Dorong Penguatan Makan Bergizi Gratis Lewat Pengawasan KPK dan Kejagung

Agar program ini dapat berjalan efektif dan bersih, Kejaksaan Agung dan KPK perlu digandeng untuk melakukan supervisi ketat hingga ke tingkat teknis.

Diterbitkan 14 Mei 2026, 21:00 WIB
Share
Copy Link
Batalkan
Jadi intinya...
  • MBG adalah investasi SDM jangka panjang, bukan masalah fiskal jangka pendek.
  • Pemerintah harus cari sumber APBN baru di luar pajak untuk keberlanjutan MBG.
  • MBG harus diawasi Kejaksaan/KPK dan libatkan UMKM lokal untuk efek ekonomi.

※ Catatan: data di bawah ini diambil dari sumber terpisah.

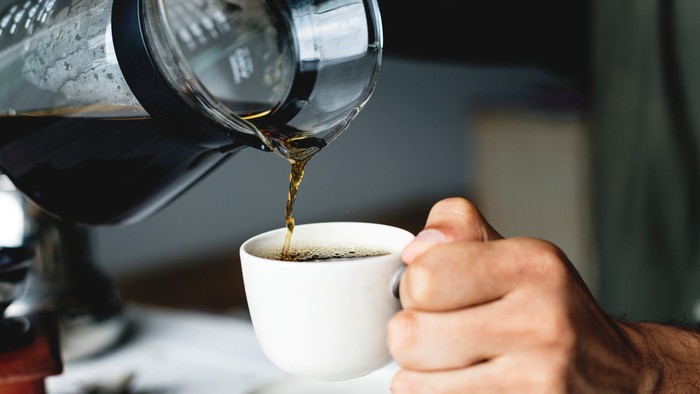 En hånd porer kaffe fra en silverfarvet kaffekanner i en hvid tønde.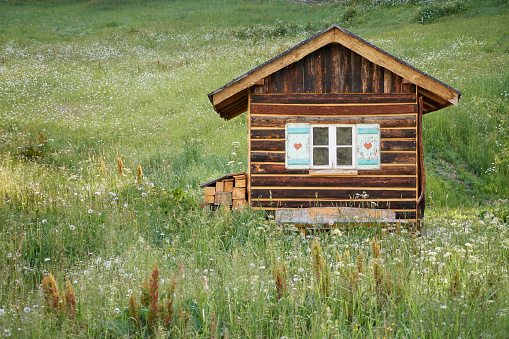 Antique wooden hut, European alps.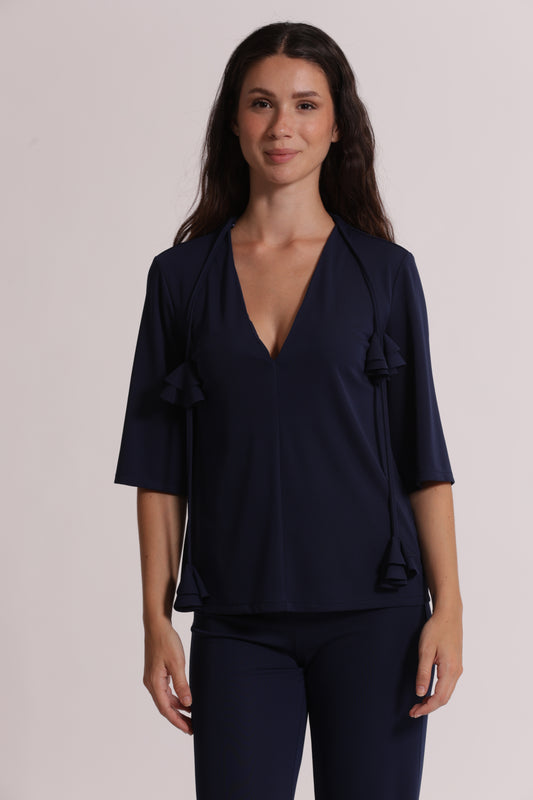 BLUSA CON SCOLLO A V E DETTAGLIO FLOREALE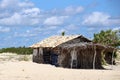 Rustic and very poor house on the beach. Poor fisherman`s house. Rustic wattle and daub and adobe construction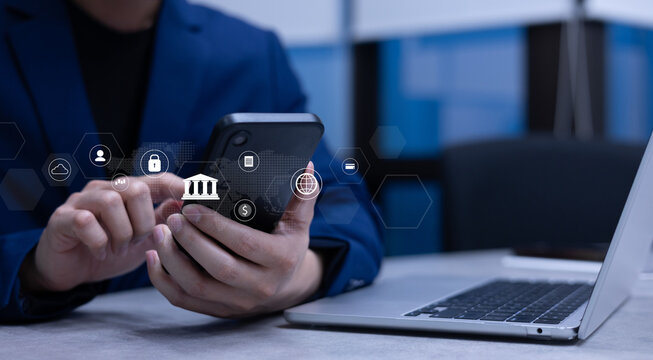 businessman hand hold smartphone and use private banking account application to using system function about checking stock market or transfer money worldwide for future tech concept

Liputan6.com, Jakarta - Wabendum Depinas SOKSI (Dewan Pimpinan Nasional Sentral Organisasi Karyawan Swadiri Indonesia) Ambar Chrisdiana menyatakan program Makan Bergizi Gratis (MBG) merupakan bentuk investasi sumber daya manusia (SDM) jangka panjang yang tidak bisa di ukur dengan logika jangka pendek.

"Yang mengatakan MBG bukan investasi karena makanan akhirnya dibuang ke WC adalah cara berpikir asal bunyi, karena logika berpikirnya terbalik," tegas Ambar, Kamis 14 Mei 2026.

Ia menambahkan bahwa alasan fiskal tidak boleh serta-merta dijadikan dasar untuk menghentikan program yang menyentuh kepentingan rakyat banyak. Masalah fiskal seharusnya dijawab dengan diversifikasi sumber-sumber pendapatan APBN, bukan dengan memangkas hak dasar rakyat.

Yang harus dipikirkan adalah mendorong pemerintah, khususnya jajaran Menko bidang Perekonomian untuk berpikir kreatif dan inovatif dalam mencari sumber pendapatan negara diluar pajak. Mengoptimalkan pendapatan negara bukan pajak (PNBP).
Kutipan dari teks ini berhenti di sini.